◆ Task to carry out ◆
Where the material below has a line containing "vidaXL 4-tlg. TV-Schrank-Set", start repeating exactly, and keep going through the line containing "Enforcement, Confidential, Guarantee, Commitment, multiple", with no other lines.

◆ Records ◆

· · · · ·

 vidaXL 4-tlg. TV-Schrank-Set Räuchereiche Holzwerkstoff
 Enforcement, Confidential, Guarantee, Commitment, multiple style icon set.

· · · · ·

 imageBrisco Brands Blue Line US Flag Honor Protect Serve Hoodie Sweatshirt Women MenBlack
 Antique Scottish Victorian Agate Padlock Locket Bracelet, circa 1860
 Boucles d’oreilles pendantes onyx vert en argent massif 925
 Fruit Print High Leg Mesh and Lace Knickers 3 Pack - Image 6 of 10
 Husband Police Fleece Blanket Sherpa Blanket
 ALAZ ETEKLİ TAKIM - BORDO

· · · · ·

◆ Exercise result ◆
 vidaXL 4-tlg. TV-Schrank-Set Räuchereiche Holzwerkstoff
 Enforcement, Confidential, Guarantee, Commitment, multiple style icon set.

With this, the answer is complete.